Le célèbre mathématicien Pierre Cartier nous a quittés le 17 août à l’âge de 92 ans à Marcoussis (Essonne). Bien qu’il n’ait reçu ni la médaille Fields ni le prix Abel, deux des plus prestigieux honneurs en mathématiques, et qu’il ait décliné son élection à l’Académie des sciences, son impact sur le domaine des mathématiques est indéniable.
De 1955 à 1983, Cartier était l’un des membres clés du groupe Bourbaki, une assemblée de mathématiciens semi-clandestine fondée en 1934 pour revitaliser et unifier la discipline. Frédéric Patras, directeur de recherche au CNRS à l’université Côte d’Azur, et l’un de ses anciens étudiants, estime que cette période était le sommet de l’existence de Bourbaki, en mettant en avant le fait que les livres publiés pendant cette époque restent extrêmement pertinents. Il assure que Cartier était le visage du groupe Bourbaki, y ayant consacré près d’un tiers de son temps, rédigeant ou révisant près de 200 pages chaque année.

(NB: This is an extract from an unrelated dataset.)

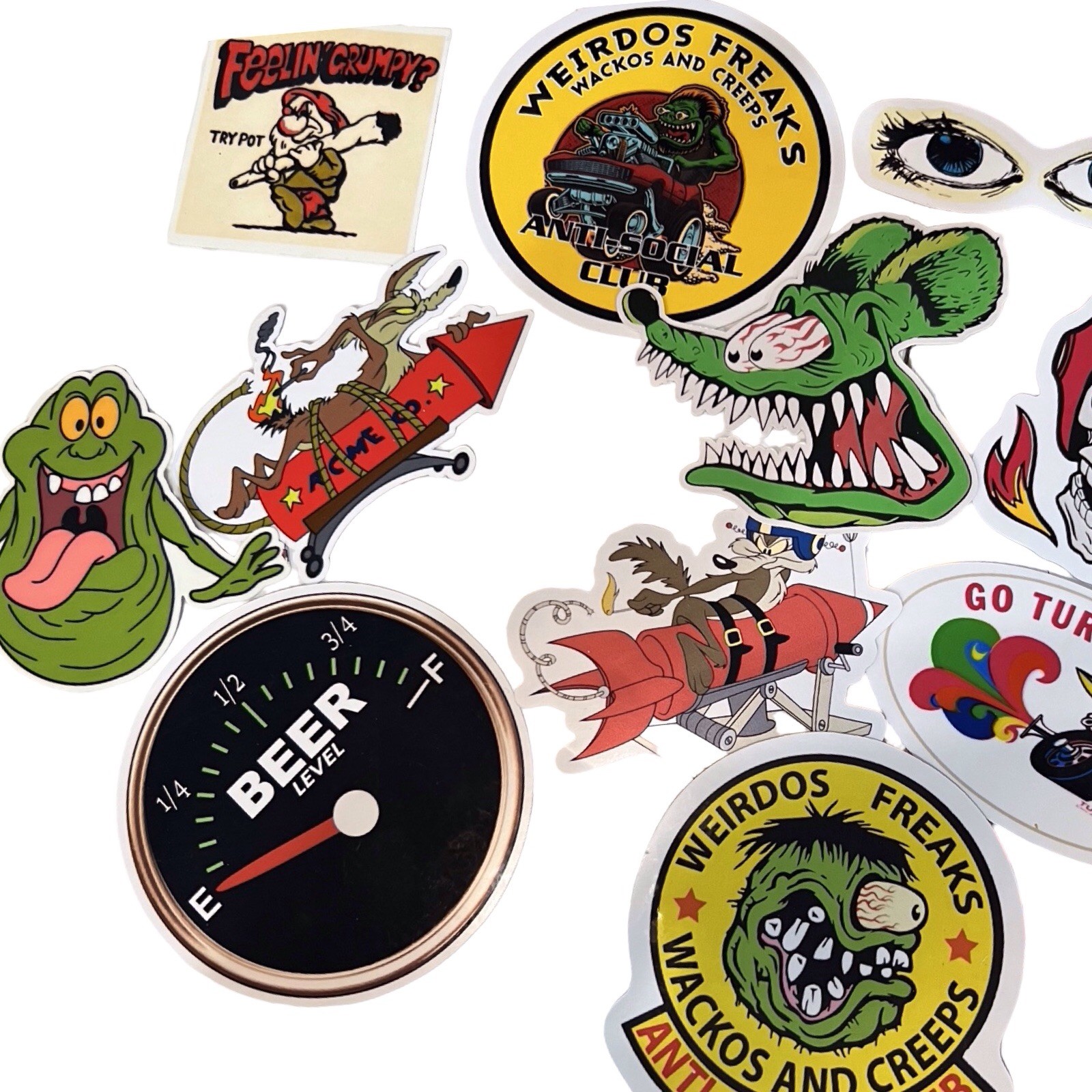 Retro RAT Fink Hot Rod Stickers Imperfect Print And Cuts 3 For 1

Possédant une mémoire remarquable, Cartier avait la conviction d’être le seul à voir l’ensemble des nombreux livres publiés par le groupe. Sa dévotion était telle qu’il avait même proposé la dissolution du groupe, cinquante ans après sa création, arguant qu’une limite d’âge devrait être appliquée à l’ensemble du groupe, et pas juste à ses membres. Le groupe a survécu à son départ et continue de publier, mais avec un impact moins fort qu’à son époque de gloire.
Cartier a dit un jour : « Ma méthode, c’est mon caractère ».

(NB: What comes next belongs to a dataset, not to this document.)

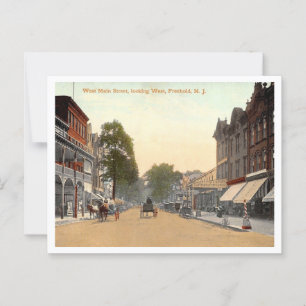 Freehold NJ Väster Main St 1910s Vykort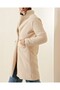 9082 Oversize Kaşe Coat - Ecru - 4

Pierre Cartier a également établi le « record » pour le nombre d’expositions présentées lors du « séminaire Bourbaki », où il faisait le résumé des avancées de divers domaines des maths pour les experts. Entre 1953 et 2012, 40 de ces expositions sont enregistrées dans les archives. Ce chiffre reflète l’éducation exceptionnelle du mathématicien, ce qui est aussi la clé de sa force. Son parcours professionnel commence en géométrie algébrique, la technique de connexion des formes géométriques à des fonctions qui les représentent, et continue en théorie des groupes, un concept essentiel pour décrire les structures sous-jacentes à diverses abstractions. Des concepts qui portent son nom, comme les diviseurs ou les opérations de Cartier, sont toujours utilisés dans ces domaines.
Il s’est aussi intéressé aux probabilités, à la théorie des nombres, et même aux premières simulations informatiques dans les années 1980. « Mon approche est le reflet de mon caractère : (…) je suis un être curieux et je m’intéresse à tout. (…) J’ai toujours eu plusieurs problèmes en tête en même temps (…) du coup, je leur réfléchis constamment et si je rencontre un obstacle, je mets de côté et je reviens plus tard. Les meilleures réalisations que j’ai faites sont des analogies entre des sujets assez différents », confiait-il à Javier Fresan lors d’une interview en 2009 pour l’Institut des hautes études scientifiques (IHES).